「リズム アンド ベタープレス」はただの立ち飲み屋ではない。印刷会社に勤めていた宍戸さんが独立してオープンした「活版印刷と立ち飲み」の二刀流の店だ。活版印刷とは、活字と呼ばれる金属製の版にインクをのせて刷る古くからの印刷技術だ。鮮明なフルカラーを短時間で大量に出力できるオフセット印刷が主流の現代では、絶滅に瀕しているといっても過言ではないが、一方で、 活字の圧力によってできた凸凹のある印刷面やインキの滲みに温かい味わいがあり、デザインに個性を求める人々から今も根強い人気がある。

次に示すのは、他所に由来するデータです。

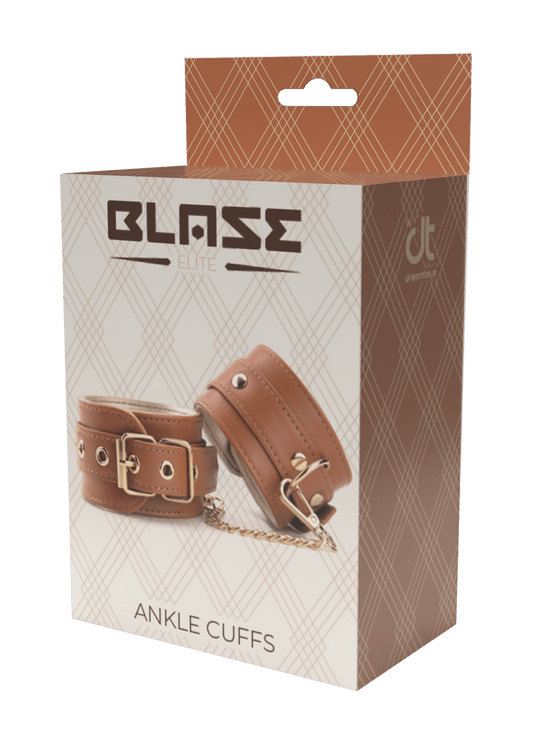 Blaze Elite Cognac Vegan Leather Anklecuffs - Loveangels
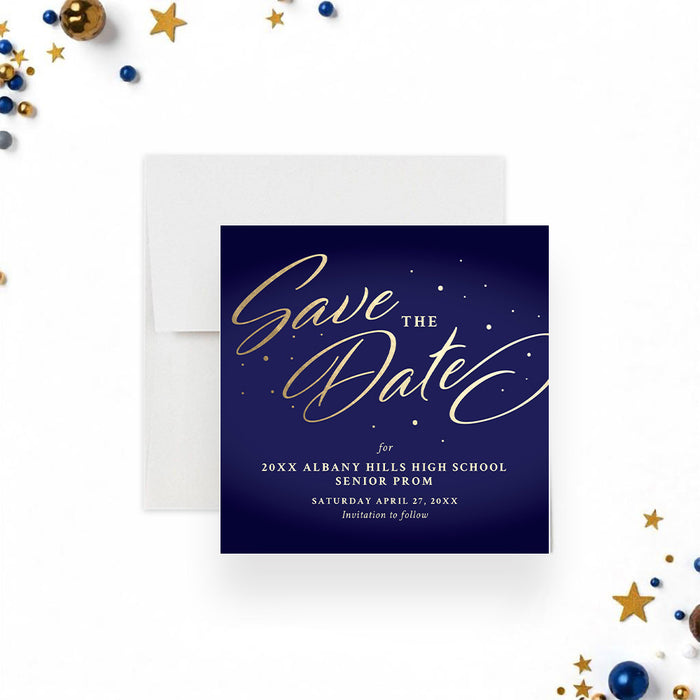 Elegant save the date card featuring a navy background and gold script, perfect for senior prom or formal events.-front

岩手県一関市に生まれ育ち、仙台の専門学校を卒業して、20歳で東京にでてきた宍戸さん。飲食店でアルバイトをしながら「プラプラしていた」という。
27歳の時、友達に誘われて新橋にある印刷会社に就職し、そこで10年間働いた。勤めていた会社には、まだ活版印刷機があった。宍戸さんは活版印刷や特色印刷など、いわゆる「特殊印刷」を得意としていた。
しかし印刷工場の閉鎖的な雰囲気が苦手だったと、宍戸さんは言う。「工場のなかは、たいてい外からは見えない。会話が少ない、いわゆる昔ながら『職人気質』も、若者が印刷から離れてしまうような気がして、印刷会社が楽しいとは思ってなかったです」
一方で宍戸さんは、「工場が終わった後、毎日のように工場内で同世代の同僚たちと機械の前で飲みながら、仕事について語り合うのが楽しかった」という。
もともと独立心が強かったこともあり、自分がやれることは、かつて自分が体験した楽しさを人に知ってもらうことだ、と思った宍戸さん。折りしも雑誌で読んだ活版印刷文化の盛んなアメリカ、ポートランドの記事が頭の片隅にあった。ページのなかには、工場の技術をオープンにして町の文化をつくっていくことが特集されていた。
宍戸さんは、自分も「活版印刷」をオープンにした場所を作ろう、そして立ち飲みを併設して、印刷機の前で飲みながら印刷ができるような場所をつくろう、と思い立ったのだった。
さっそく馴染みの業者に印刷機を見つけてもらい、ドイツ製の「ハイデルベルク」と日本製の「本田」という手差し活版印刷機を格安で譲ってもらった。どちらも活版印刷機としては最上級のものだ。店舗は車庫だった物件を改装し、窓を大きくすることにこだわった。「通りから活版印刷機を見せたかったから」と宍戸さんは言う。
そうして2017年12月にまずは活版印刷所をスタートし、明けて2018年の2月には、立ち飲み屋も始まった。37歳の時だった。